Continuerò a pensarci perchè voglio comunque trovare un significato, so che mi aiuterà e sono convinta che ci sia da qualche parte in mezzo a tutta questa sofferenza. Anche se i pensieri non sono chiari e limpidi come una volta in questo periodo. Ho due sottofondi costanti: le voci dei miei bimbi e le mie preoccupazioni, non mi sento me stessa fino in fondo. Ringrazio il cielo di essere circondata (si fa per dire) da persone che si sentono come me. Possiamo parlare e capirci benissimo e poi ridere di noi stessi, delle nostre paure.
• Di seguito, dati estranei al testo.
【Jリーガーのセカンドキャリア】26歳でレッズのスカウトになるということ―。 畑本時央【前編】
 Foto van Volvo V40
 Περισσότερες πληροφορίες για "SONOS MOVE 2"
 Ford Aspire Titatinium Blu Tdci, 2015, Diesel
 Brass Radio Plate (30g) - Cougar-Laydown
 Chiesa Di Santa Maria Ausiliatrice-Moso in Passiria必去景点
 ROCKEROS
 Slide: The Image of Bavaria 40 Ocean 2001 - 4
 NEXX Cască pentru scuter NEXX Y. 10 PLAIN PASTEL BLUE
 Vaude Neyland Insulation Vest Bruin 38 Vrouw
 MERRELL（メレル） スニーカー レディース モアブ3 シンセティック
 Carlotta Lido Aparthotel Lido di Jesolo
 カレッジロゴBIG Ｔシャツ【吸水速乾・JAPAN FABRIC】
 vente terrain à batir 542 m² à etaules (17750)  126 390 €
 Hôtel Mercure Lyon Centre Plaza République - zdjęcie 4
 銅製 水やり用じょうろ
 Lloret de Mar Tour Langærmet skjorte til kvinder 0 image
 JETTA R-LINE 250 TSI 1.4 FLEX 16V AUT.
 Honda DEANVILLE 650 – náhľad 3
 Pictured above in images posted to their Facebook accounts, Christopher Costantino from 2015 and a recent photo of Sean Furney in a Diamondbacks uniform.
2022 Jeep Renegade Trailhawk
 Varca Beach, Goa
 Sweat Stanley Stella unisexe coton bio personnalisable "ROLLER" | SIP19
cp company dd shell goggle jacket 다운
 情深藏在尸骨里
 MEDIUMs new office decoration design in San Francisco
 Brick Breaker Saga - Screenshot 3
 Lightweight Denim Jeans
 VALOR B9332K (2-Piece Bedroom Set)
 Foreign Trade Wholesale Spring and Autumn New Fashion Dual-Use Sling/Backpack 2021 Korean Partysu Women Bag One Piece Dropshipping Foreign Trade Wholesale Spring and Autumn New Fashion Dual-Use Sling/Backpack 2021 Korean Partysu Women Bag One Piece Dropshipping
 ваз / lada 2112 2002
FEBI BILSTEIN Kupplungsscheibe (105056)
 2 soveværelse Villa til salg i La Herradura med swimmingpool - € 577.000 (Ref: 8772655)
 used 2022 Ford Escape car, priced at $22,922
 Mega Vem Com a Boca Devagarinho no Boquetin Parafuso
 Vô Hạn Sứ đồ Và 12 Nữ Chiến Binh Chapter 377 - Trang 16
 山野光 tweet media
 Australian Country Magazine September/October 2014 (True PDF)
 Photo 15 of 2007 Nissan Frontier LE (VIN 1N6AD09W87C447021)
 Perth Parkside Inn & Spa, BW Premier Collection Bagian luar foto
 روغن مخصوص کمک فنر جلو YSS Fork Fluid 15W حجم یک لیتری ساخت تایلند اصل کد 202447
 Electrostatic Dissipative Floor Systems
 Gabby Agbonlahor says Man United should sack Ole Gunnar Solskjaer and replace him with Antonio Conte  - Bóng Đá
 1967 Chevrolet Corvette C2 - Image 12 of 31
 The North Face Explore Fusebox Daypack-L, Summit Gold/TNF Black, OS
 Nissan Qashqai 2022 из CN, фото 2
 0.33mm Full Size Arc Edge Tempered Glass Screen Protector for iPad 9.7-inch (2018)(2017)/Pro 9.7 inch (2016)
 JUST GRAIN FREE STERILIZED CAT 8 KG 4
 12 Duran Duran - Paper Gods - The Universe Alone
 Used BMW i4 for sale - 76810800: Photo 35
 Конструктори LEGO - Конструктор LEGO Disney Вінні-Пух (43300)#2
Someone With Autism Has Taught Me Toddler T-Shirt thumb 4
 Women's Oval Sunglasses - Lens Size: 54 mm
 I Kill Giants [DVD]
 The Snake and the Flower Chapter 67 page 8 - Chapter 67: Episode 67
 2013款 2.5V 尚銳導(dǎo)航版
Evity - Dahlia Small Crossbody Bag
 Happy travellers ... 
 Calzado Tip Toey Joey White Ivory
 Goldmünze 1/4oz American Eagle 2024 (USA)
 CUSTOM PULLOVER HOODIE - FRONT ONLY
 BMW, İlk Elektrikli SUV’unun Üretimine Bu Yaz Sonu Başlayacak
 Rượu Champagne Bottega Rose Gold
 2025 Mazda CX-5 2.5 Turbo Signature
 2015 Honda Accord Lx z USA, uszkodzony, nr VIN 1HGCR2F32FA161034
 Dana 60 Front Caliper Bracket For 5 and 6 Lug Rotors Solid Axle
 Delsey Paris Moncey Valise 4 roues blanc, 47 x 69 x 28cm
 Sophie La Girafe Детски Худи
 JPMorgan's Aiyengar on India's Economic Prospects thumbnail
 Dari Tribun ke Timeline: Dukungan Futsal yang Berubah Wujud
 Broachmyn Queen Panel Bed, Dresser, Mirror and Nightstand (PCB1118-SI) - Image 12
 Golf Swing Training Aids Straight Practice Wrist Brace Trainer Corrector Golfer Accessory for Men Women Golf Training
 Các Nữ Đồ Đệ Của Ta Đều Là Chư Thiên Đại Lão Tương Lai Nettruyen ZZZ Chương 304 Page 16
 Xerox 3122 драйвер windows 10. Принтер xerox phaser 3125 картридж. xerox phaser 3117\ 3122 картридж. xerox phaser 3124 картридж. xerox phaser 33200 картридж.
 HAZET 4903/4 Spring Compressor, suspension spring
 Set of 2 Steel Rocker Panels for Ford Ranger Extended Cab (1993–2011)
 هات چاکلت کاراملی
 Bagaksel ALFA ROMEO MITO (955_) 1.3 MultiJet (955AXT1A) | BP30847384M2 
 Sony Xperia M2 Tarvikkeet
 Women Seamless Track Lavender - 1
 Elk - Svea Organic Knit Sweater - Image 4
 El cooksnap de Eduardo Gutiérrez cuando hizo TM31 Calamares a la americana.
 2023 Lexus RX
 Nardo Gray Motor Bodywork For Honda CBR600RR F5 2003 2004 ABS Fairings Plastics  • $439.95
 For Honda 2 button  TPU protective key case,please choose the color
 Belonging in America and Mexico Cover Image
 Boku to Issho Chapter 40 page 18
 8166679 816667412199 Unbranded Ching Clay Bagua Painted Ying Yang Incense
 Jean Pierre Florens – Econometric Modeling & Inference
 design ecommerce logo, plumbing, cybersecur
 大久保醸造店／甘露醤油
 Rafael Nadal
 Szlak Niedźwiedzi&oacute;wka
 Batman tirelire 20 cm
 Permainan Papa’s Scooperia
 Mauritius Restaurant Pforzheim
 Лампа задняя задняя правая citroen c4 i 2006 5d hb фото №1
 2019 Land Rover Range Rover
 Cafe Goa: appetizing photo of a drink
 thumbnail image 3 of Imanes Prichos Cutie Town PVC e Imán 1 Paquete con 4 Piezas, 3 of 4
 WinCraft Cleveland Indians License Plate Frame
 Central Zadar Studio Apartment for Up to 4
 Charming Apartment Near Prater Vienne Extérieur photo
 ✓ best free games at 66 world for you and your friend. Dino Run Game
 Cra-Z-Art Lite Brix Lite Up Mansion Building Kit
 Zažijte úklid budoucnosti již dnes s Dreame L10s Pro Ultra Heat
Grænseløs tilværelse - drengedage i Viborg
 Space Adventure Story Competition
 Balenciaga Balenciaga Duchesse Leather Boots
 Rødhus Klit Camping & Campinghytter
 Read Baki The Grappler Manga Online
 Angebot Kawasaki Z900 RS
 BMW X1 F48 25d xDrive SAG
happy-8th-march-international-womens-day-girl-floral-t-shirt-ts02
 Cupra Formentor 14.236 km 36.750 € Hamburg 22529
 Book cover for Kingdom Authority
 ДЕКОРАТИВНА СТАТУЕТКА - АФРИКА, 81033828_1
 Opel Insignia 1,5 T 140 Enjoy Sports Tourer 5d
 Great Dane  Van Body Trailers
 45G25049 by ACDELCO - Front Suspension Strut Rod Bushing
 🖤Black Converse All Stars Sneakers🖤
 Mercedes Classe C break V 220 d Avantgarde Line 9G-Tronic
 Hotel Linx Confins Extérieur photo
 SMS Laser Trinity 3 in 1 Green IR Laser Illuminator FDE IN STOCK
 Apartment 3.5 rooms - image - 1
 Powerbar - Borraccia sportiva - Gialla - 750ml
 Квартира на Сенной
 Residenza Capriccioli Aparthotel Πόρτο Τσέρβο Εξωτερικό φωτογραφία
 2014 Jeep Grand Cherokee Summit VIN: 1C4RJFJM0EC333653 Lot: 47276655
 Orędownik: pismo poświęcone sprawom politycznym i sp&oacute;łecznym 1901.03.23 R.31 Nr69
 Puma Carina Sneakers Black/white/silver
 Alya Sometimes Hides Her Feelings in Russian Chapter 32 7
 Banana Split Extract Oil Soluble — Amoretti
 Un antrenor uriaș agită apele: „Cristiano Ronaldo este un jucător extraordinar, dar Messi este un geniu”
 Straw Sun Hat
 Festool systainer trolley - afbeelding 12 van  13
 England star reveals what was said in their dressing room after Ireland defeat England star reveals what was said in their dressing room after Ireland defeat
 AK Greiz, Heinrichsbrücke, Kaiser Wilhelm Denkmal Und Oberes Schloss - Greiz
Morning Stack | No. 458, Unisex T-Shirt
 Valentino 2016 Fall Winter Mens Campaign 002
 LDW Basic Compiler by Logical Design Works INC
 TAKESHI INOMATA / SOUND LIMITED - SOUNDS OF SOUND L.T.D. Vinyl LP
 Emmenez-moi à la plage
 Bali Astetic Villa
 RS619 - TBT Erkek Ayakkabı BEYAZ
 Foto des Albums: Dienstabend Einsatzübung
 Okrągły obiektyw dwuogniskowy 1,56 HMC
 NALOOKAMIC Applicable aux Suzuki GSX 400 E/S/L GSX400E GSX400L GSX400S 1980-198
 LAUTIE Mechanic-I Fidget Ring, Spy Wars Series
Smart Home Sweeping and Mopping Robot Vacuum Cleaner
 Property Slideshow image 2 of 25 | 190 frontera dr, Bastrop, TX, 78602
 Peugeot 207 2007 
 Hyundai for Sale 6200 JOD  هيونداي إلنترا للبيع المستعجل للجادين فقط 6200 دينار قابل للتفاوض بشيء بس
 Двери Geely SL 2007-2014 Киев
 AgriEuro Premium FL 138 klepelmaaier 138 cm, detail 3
Non ho mai riso e pianto tanto con i miei amici come in questo periodo. Queste due cose, il riso e il pianto, sono le mie uniche armi in questa nuova normalità. Ah, e la condivisione.
1 commento:
Quello che posso dirti è che è molto brutto e straniante e abbrutente i primi giorni, poi si trova un senso, ci si sente uniti nella lotta per arginare questa cosa che ci colpiti. Non c'è un perché, c’è un è così. Come ti avevo già detto state a casa, shelter in place, se preferisci. Non per voi, o meglio non solo per voi, ma per gli altri, per tutti. Ogni persona che sta a casa dà una chance in più agli altri. Non conta quanto spazio puoi mettere fra te e un altro, conta quanto riesci a proteggere gli altri stando a casa. Questa è la tua battaglia, la mia battaglia, la battaglia di tutti.
E questo è l'unico senso che riesco a trovare. Per il resto le brave e buone persone usciranno da tutto questo ancora e forse di più, brave e buone, e quelle cattive usciranno più cattive, più feroci. Non è un'ordalia, non ci sono riscatti. Possiamo solo rimanere umani, esercitare l’umanità, la pietas e l'empatia.